Polacy w Izraelu nie zagłosują w wyborach. Tak zdecydowali rządzący.
Polacy w Izraelu nie zagłosują w wyborach. Tak zdecydowali rządzący. Fot. Tomasz Jastrzebowski/REPORTER

W niedzielę są wybory parlamentarne w Polsce. Na świecie jest liczna Polonia, która chce w nich wziąć udział. Okazuje się jednak, że nie wszyscy Polacy za granicą będą mieć taką możliwość. Rząd PiS zdecydował, że w nie będzie żadnej możliwości zagłosowania w Izraelu. W wyborach w 2019 roku to opozycja wygrała w głosowaniu za granicą.

REKLAMA

Polacy w Izraelu wykluczeni z wyborów. Nie będzie tam głosowania

"W trosce o bezpieczeństwo naszych obywateli, biorąc pod uwagę fakt, że Państwo Izrael znajduje się w stanie wojny (...) konieczne było rozpoznanie tych zagrożeń i zareagowanie na nie adekwatnie” – napisano w oświadczeniu po opublikowaniu projektu nowelizacji regulaminu okręgów wyborczych na stronie internetowej rządu. Komunikat ten opisuje również Reuters.

Agencja cytuje ponadto polskiego szefa MSZ Zbigniewa Raua, który powiedział na początku tygodnia, że ​​do głosowania w Izraelu zarejestrowało się 1145 obywateli Polski.

– Niestety głosowanie na terytorium Izraela nie odbędzie się. Głosowanie będzie możliwe w Polsce i w innych krajach, w których głosowanie będzie się odbywać – przekazał dodatkowo agencji Reuters rzecznik MSZ Łukasz Jasina.

Opozycja wygrała za granicą w ostatnich wyborach

Informację na ten temat podaje także izraelski Haaretz. Rozmówca gazety zwrócił uwagę, iż "opozycja demokratyczna zwyciężyła wśród Polaków, którzy głosowali za granicą”.

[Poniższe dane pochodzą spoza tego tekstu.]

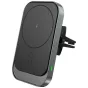 Tech-Protect car phone mount CW19 MagSafe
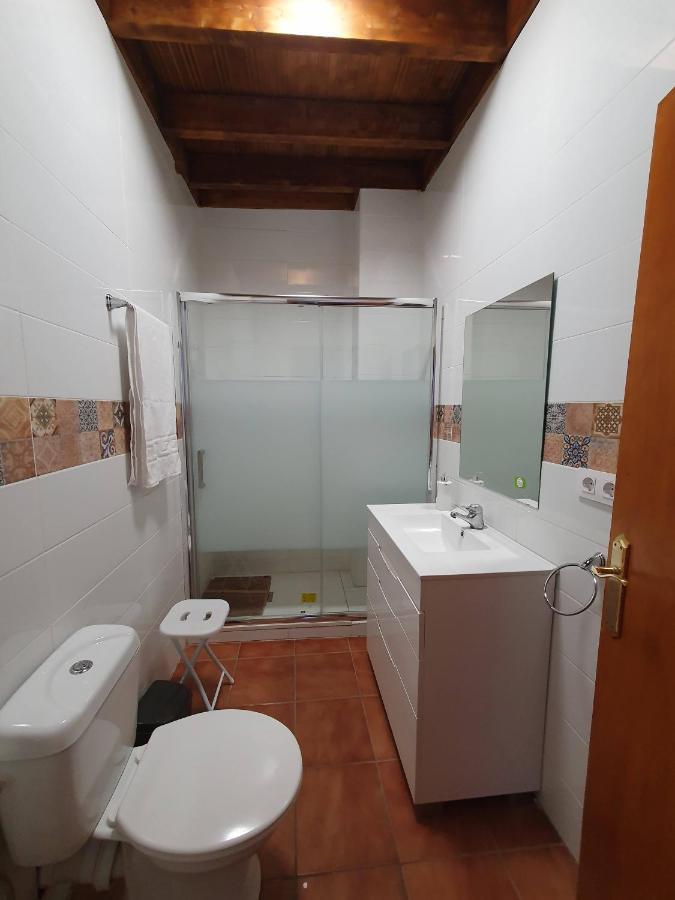 Casa Bautista - Rotgla Villa Rotgla y Corbera Eksteriør billede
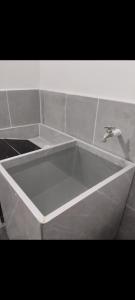 Acogedor apartamento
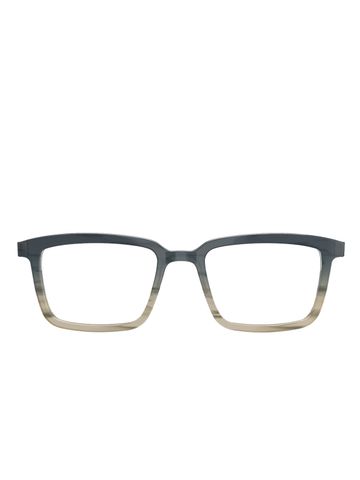 ACETANIUM/1267 T206/col AK51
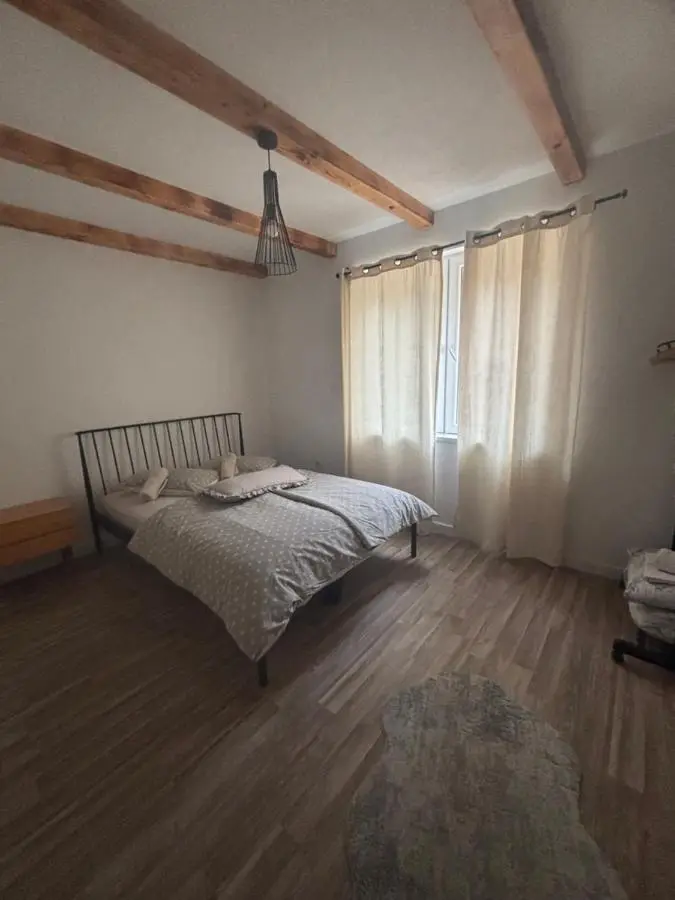 Ranch Jajce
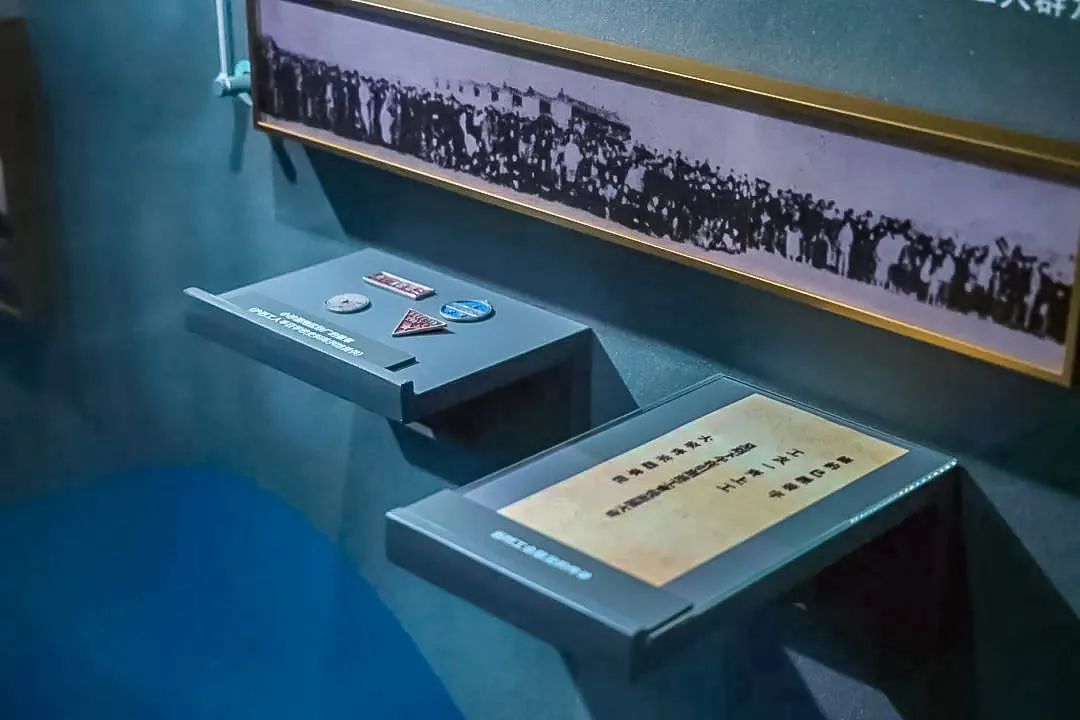 微信图片_20250512133723.jpg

Przypomnijmy: w 2019 roku za granicą zwyciężyła Koalicja Obywatelska, na którą zagłosowało łącznie 38,95 proc. Polaków. PiS miał wówczas 24,89 proc. głosów, Lewica – 20,67 proc., Konfederacja – 11,39 proc., a PSL – 4,11 proc. Polonia zawsze głosuje na listę warszawską.

W minioną sobotę w Izraelu wydarzyła się tragedia. Duża grupa bojowników organizacji terrorystycznej Hamas przedostała się do kraju. Zaatakowane zostały obszary, gdzie przebywała ludność cywilna. Jednym z celów ataku był festiwal muzyczny Supernova w Re'im. Odkryto tam 260 ciał.

Izrael prowadzi teraz operację wojskową przeciwko Hamasowi w Strefie Gazy. W poniedziałek minister obrony Izraela Yoav Gallant ogłosił "całkowite oblężenie" Gazy. W swoim przemówieniu porównał bojowników Hamas do zwierząt w ludzkiej skórze i zapowiedział, ze mając to na uwadze wdroży odpowiednie środki.

W piątek, jak podaje CNN, Izraelskie Siły Obronne (IDF) zrzuciły z samolotów do Gazy ulotki wzywające mieszkańców do opuszczenia domów i ewakuacji tej enklawy. Może to oznaczać, że Izrael planuje operację lądową w Gazie.

Tymczasem w Izraelu pojawiły się przewodnicząca Komisji Europejskiej Ursula von der Leyen i przewodnicząca Parlamentu Europejskiego Roberta Metsola.

Von der Leyen napisała na Twitterze, że przyjechała do Izraela "aby wyrazić naszą solidarność z narodem izraelskim po straszliwym ataku terrorystycznym Hamasu”. Z kolei Metsola dodała: "Jesteśmy tutaj z przesłaniem solidarności po najgorszym ataku terrorystycznym, jakiego Izrael doświadczył od pokoleń”.